Me refiero a la que se necesita para parir algo creativo, es decir, algo absolutamente nuevo y único, salido de ese vacío que empapa lo hondo de un ser humano, que en realidad no es un vacío, sino un mar lleno de vida del que solo vemos la superficie gris e infinitamente plana.
Esa inspiración es ante todo el resultado de una larga paciencia.

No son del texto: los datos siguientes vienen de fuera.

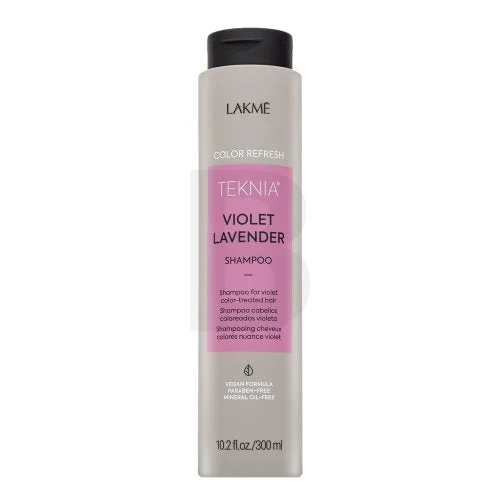 Lakmé Teknia Color Refresh Violet Lavender Shampoo 300 ml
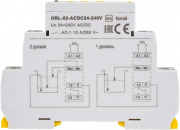 фото Реле IEK ORL-02-ACDC24-240V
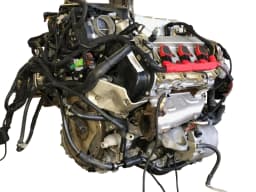 AUDI Audi Q7 3.0TFSI V6 24V 200kw 272ps CJW CJT CJWC complete engine — thumbnail 3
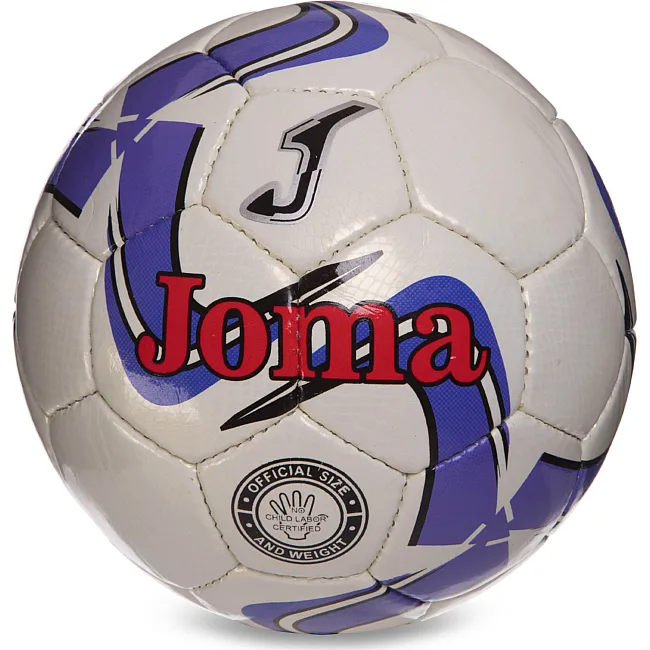 М'яч футбольний SNAKE JOMA FB-8267 №4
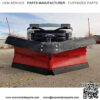 Part # MSC01565 - SNOW DEFLECTOR - Image 2
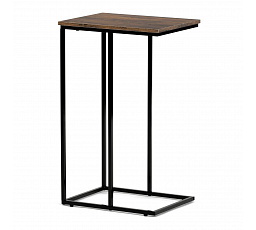 Odkládací stolek 30x40x66cm, mdf, old wood, CT-G1040 OLW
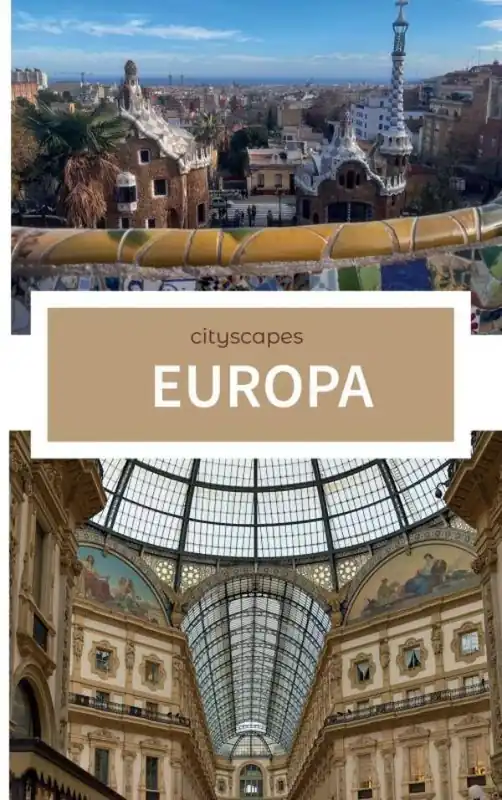 Fabrieksprijs Cityscapes Europa / Druk 1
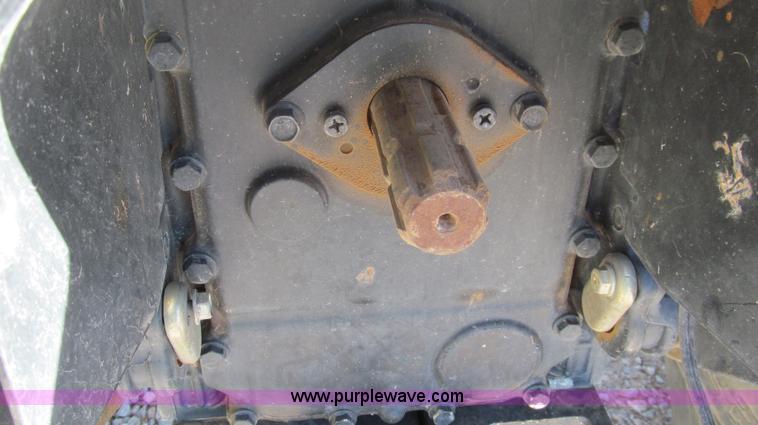 image for item G5573 2008 John Deere 4105 MFWD tractor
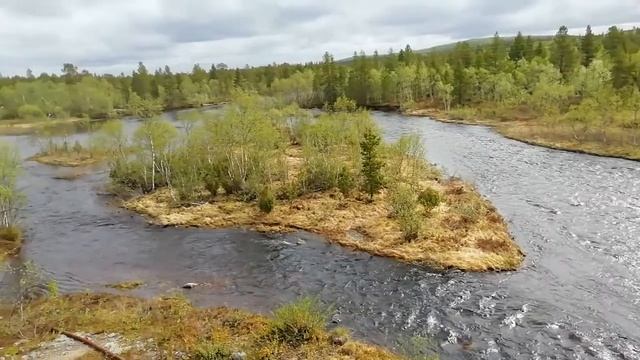 Водолазы РЖД на реке Лебяжка. Заполярье смотреть онлайн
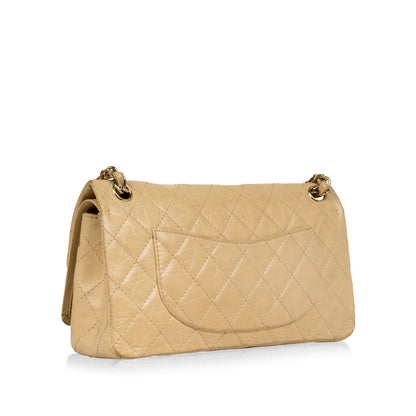 Chanel Timeless Lambskin Gold Shoulder Bag Style 2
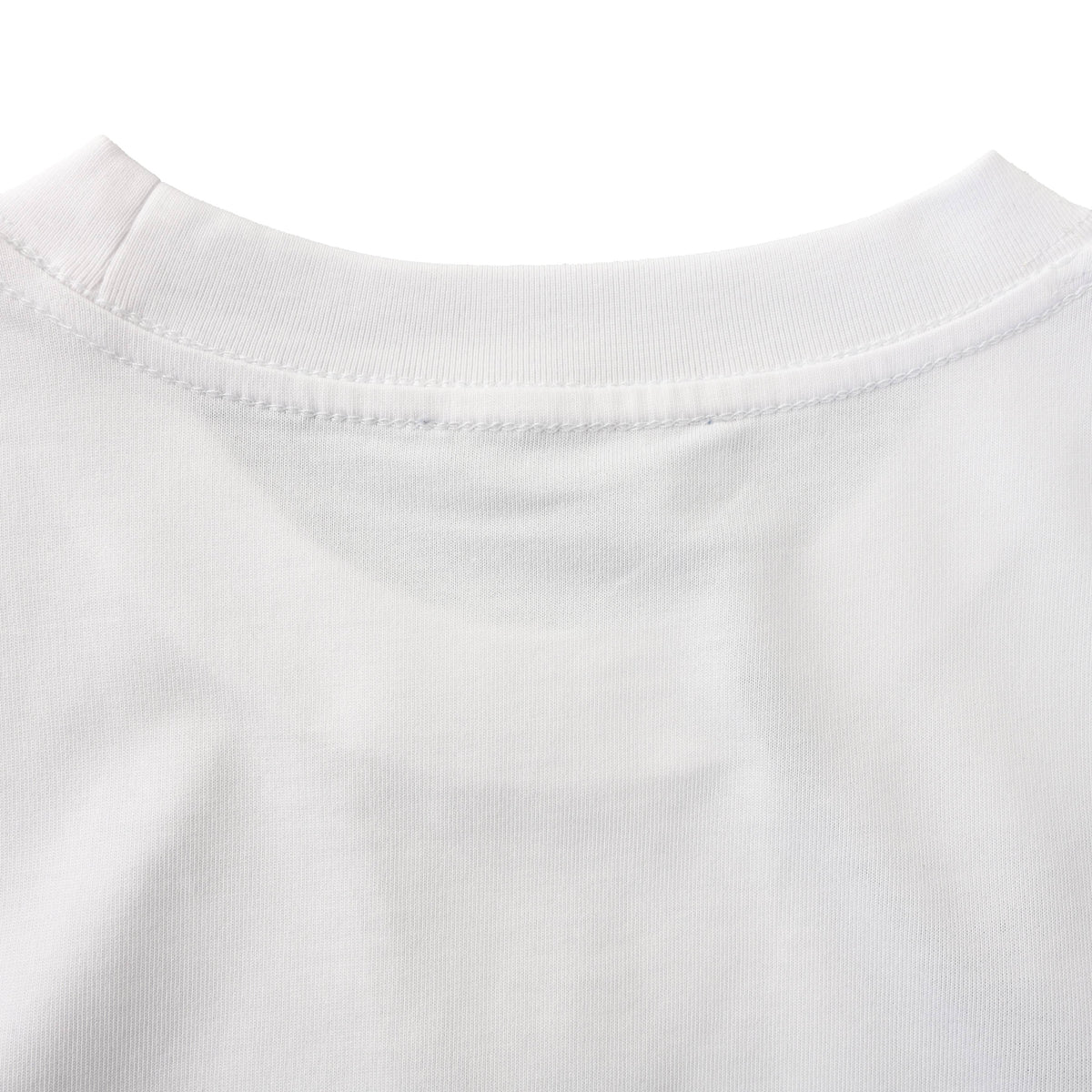 Prada Triangle Logo & Lettering Print Short-Sleeve T-Shirt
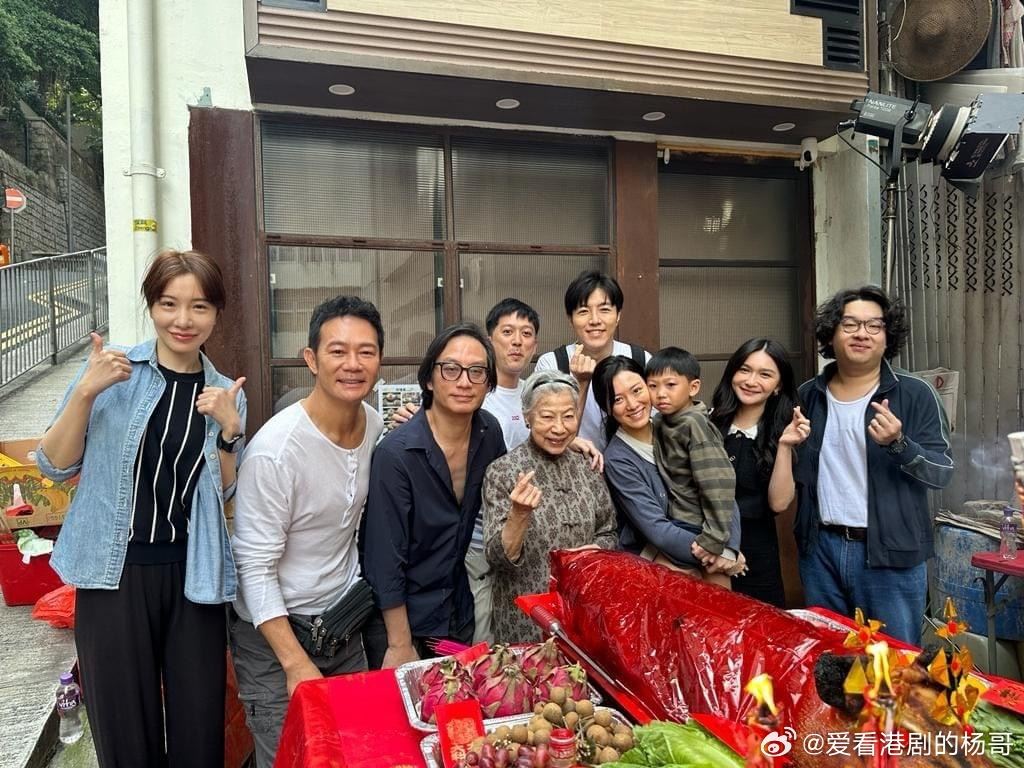 🎬重拍香港鬼片《再生人》❗“鬼王”彭发导演和“鬼后”罗兰首度合作🔥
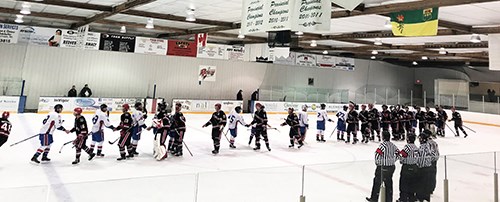 Cougars hockey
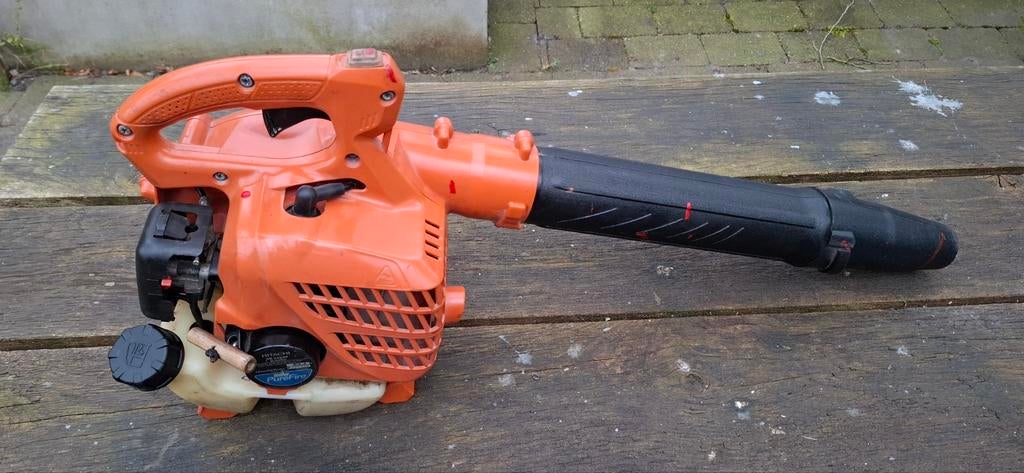 Hitachi bladblazer RB 24EAP, Benzine, Gebruikt, Handgedragen, Ophalen of Verzenden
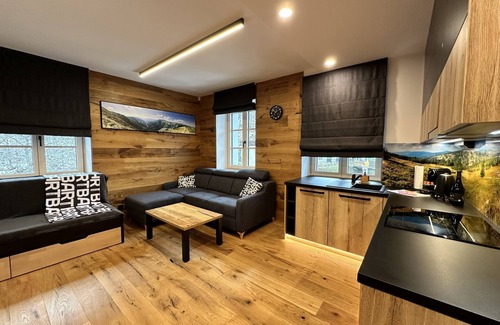 Pec pod Snezkou Apartamento | Apartamento Máj by Interhome
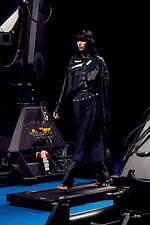 カラー 2022年春夏コレクション - 装飾を含むミニマル、再構築の痕跡をアクセントに｜写真46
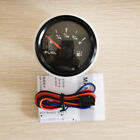 <!--F#f_0-->52mm Fuel Level Gauge 73-10ohms 0-90 10-180 ohms 0-190 240-33 7 Colors Led Black<!--F/-->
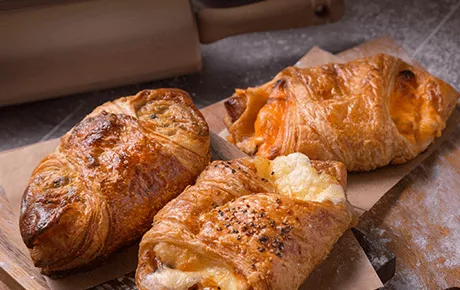 Savory Item Tasty Treat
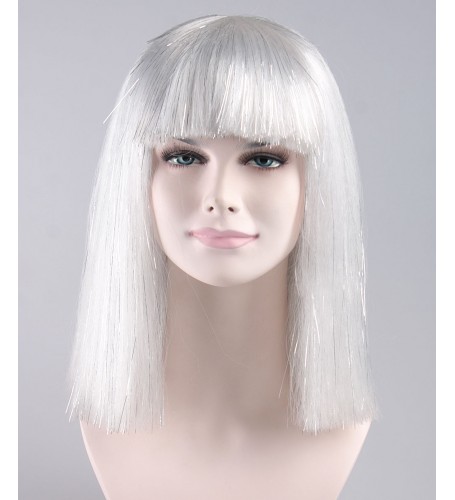 White Witch Adult Wig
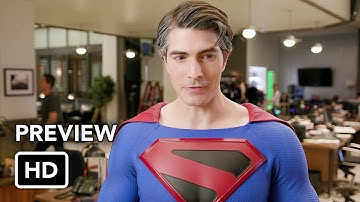 DCTV Crisis on Infinite Earths Crossover Behind the Scenes: "Raining Supermen" (HD)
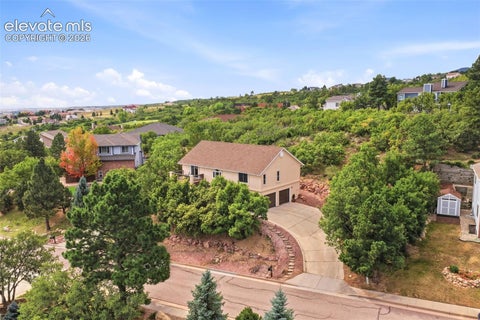 Photo of 345 Cheshire Court, Colorado Springs, CO 80906 (MLS # 5956185)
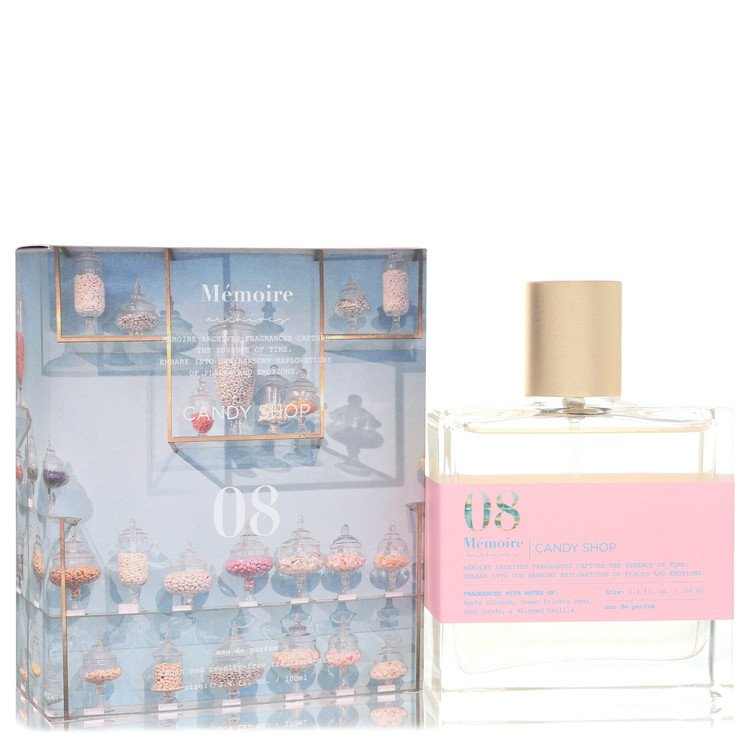 Memoire Archives Candy Shop by Memoire Archives - Eau De Parfum Spray (Unisex) 3.4 oz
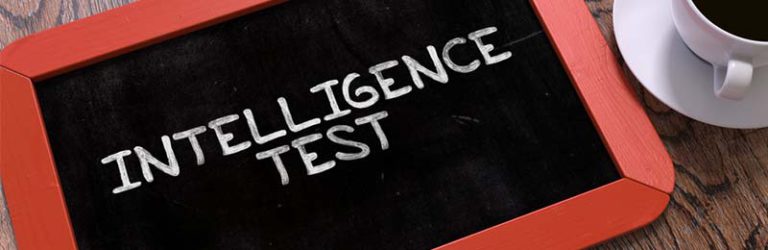 WAIS-IV Intelligentietest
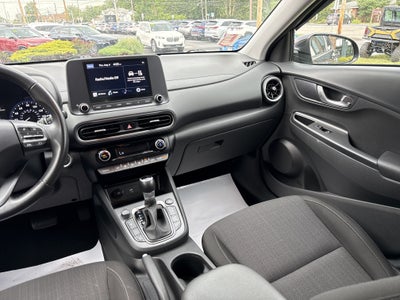 2022 Hyundai Kona SEL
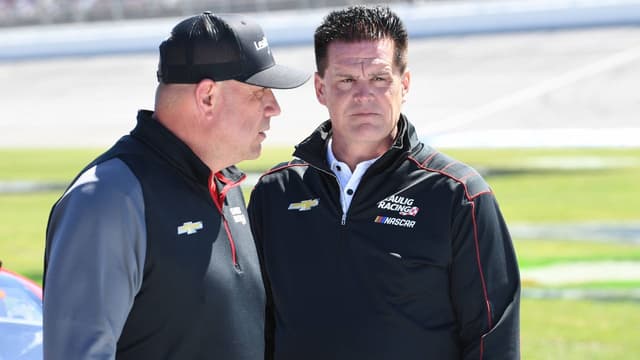 Kaulig CEO Chris Rice Admits Iran War Has Put A Dent in NASCAR Teams’ Fuel Budgets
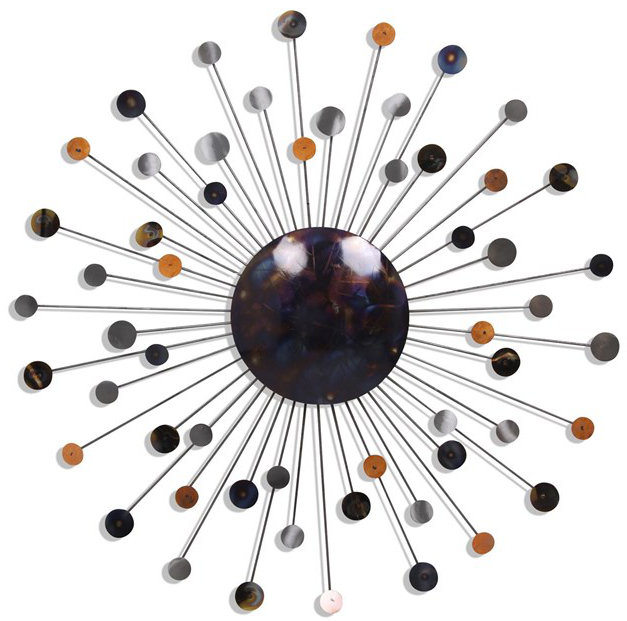 Circle Wall Decor style craft circle wall decor & reviews | wayfair Circle Wall Decor style craft circle wall decor & reviews | wayfair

Hay que saber esperarla, confiando en que está ahí dentro, agazapada, dormitando, malhumorada por sentirse, como el genio de la lámpara de Aladino, encadenada a tu servicio.
Cuando por fin brota lo hace como un volcán que entra en erupción, o como aquel petróleo que salía del pozo en las viejas películas en blanco y negro, subiendo hacia el cielo como un chorro trepidante para caer desde lo alto y cubrir de un negro aceitoso los rostros de los protagonistas, que sonreían felices, se abrazaban y gritaban “¡petróleo!... ¡petróleo!..."
Esta es la inspiración del artista, del científico, del que comprende súbitamente que está enamorado, del que encuentra por fin la solución que necesitaba para un gran problema, del que llega a ver esto o aquello que tanto le intrigaba como realmente es, desnudo por fin de toda apariencia. Es ella la que te permite comprender lo que te rodea, el mundo entero, presente ahora bajo una luz, desde una perspectiva, con unos colores y músicas cuya existencia ni siquiera sospechabas un segundo antes de que tu inspiración irrumpiera.
La que, cuando por fin has disfrutado de ella siquiera una vez y estás ya descansando satisfecho de su experiencia, te hace comprender que el mundo está lleno de enigmas no porque las respuestas estén escondidas, sino porque, rozándote como están casi todas ellas, tú eres incapaz de verlas.
No te precipites, pero tampoco abandones. Busca tu temple.